:: SUPPLIED MATERIAL ::

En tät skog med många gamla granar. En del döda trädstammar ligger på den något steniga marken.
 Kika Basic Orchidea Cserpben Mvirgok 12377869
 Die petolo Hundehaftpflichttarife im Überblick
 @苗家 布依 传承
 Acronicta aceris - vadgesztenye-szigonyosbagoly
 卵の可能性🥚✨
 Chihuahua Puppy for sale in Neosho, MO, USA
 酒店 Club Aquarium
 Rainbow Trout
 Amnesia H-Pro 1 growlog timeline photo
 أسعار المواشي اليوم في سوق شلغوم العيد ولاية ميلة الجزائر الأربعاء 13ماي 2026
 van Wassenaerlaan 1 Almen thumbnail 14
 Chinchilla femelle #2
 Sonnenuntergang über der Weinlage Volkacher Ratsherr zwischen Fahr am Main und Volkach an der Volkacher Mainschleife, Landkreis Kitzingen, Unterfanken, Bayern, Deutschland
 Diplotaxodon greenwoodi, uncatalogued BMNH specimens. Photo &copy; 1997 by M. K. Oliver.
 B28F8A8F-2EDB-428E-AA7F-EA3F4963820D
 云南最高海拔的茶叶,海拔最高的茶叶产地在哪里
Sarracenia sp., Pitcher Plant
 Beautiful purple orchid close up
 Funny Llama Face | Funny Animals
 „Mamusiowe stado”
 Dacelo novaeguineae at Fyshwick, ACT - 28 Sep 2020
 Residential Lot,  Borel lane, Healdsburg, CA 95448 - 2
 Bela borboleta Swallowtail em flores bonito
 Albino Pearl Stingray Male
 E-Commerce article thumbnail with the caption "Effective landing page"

:: EXERCISE DETAILS ::
Copy out every line in the records where the word "thumbnail" is found.

:: PROBLEM SOLUTION ::
 van Wassenaerlaan 1 Almen thumbnail 14
 E-Commerce article thumbnail with the caption "Effective landing page"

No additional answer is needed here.